Since book one was all about discovery, it was easy to write. It’s a straightforward sci-fi adventure with some twists and surprises along the way. Through the process of writing, I found my endgame and brought Book One to a close.
Now for Book Two.
Stop the Presses
That sound you hear is my writing coming to a screeching halt.
Once again, I know what needs to happen in Book Two, but, once again, I don’t know the endgame. For over a year now, this has paralyzed me. I’ve found every reason to procrastinate Book Two. On the plus side, my distractions were all “writerly” things.
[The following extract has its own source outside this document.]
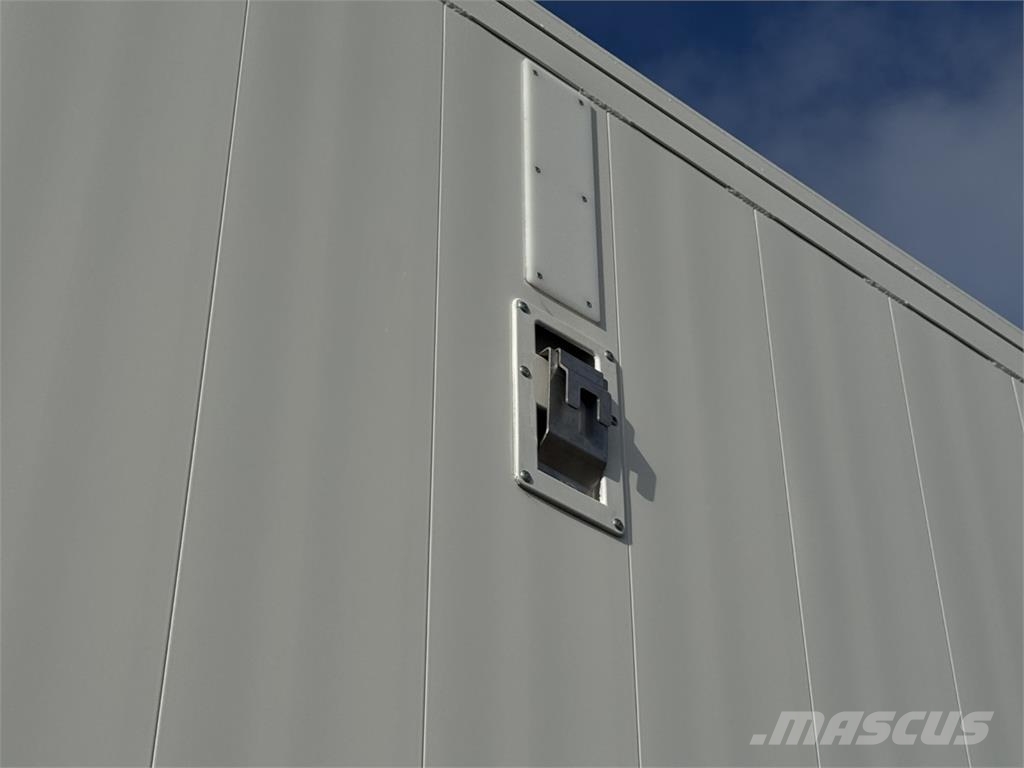Legras 3-aks 91,8m3 walkingfloor 13mm gulv + EcoTop 自装卸半拖车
I performed another extensive round of edits for Book One (nope, make that TWO extensive edits now), built a new website, pitched every agent on the planet–twice, wrote a flash fiction story, started blogging weekly, recorded a pretty lame attempt at stand-up comedy, finished my second digital marketing book (yet to be published), completed a 5K-word short story, and did plenty of “research” (aka watching movies.)
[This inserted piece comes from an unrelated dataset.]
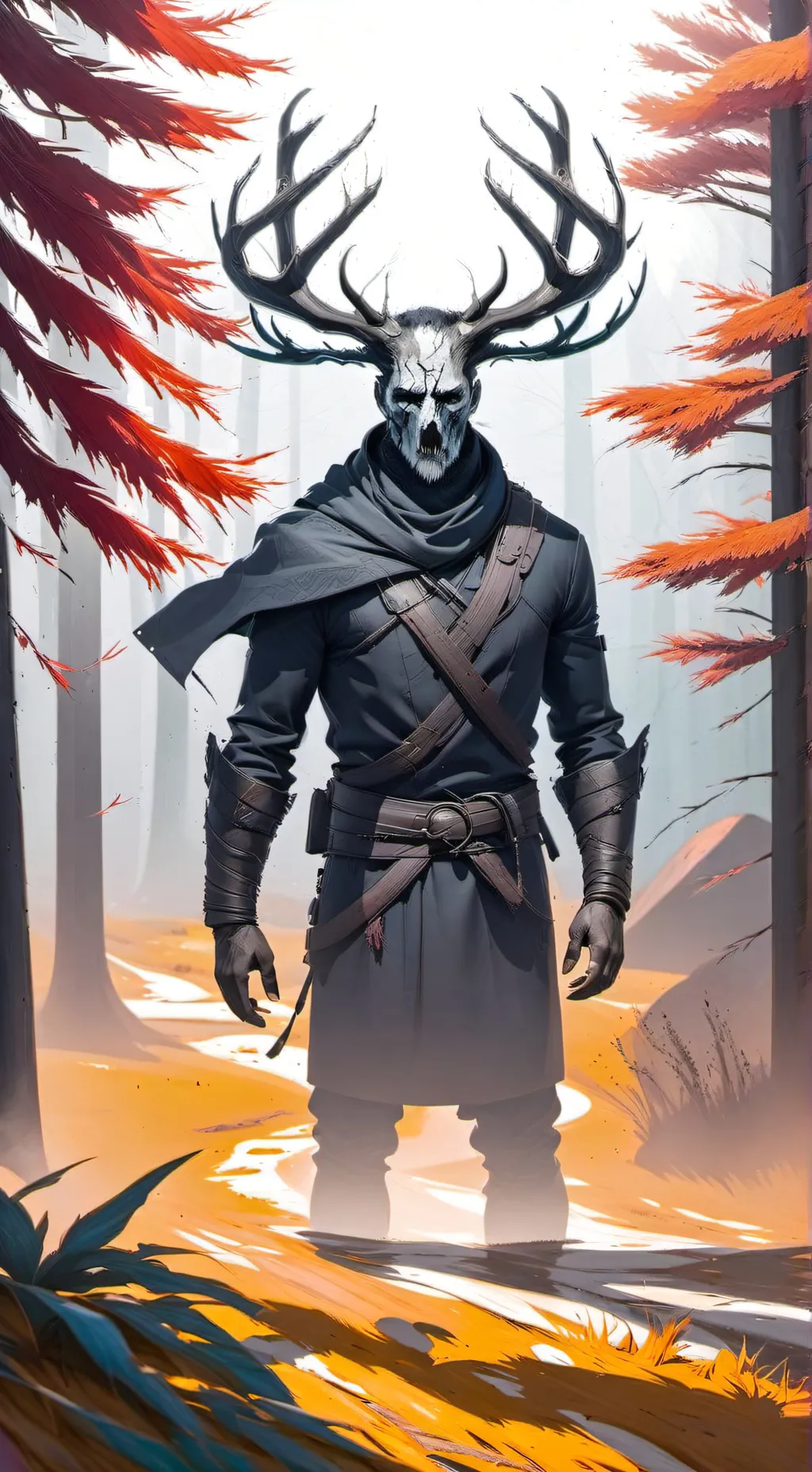ai character: Wendigo background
And yet I’m still unmotivated to dive into Book Two.
WTH?
I’ve heard people say that an author’s second book is the hardest to write. While knee-deep in book one, the ideas were flowing. But here I am looking Book Two in the eye, and I got nothing.
So why is the second book so much harder? I can only speak for myself, but I’ve zeroed in on a few roadblocks that have stumbled into my path. I’m hoping that by recognizing them, I can work my way through and past them. Let’s give it a shot.
Performance Anxiety
When I wrote my first novel, I wasn’t an author. I was just a regular guy who wanted to write a novel. I was determined to finish it but, I’ve attempted several novels before, and, well, they remain unfinished. Once Book One was complete and edited to perfection (or as good as I can get it), I truly felt that I became an author.
Regular-guy me had nothing to lose. But author-me actually does. It’s like trying to make lightning strike twice. They say it can’t be done, but as authors, we must. We have to make magic happen with every book. That tends to create a bit of performance anxiety in me. Can I do it again? Is my idea good enough? Do I even know what the story behind the story is? Holy crap, how am I ever going to do this?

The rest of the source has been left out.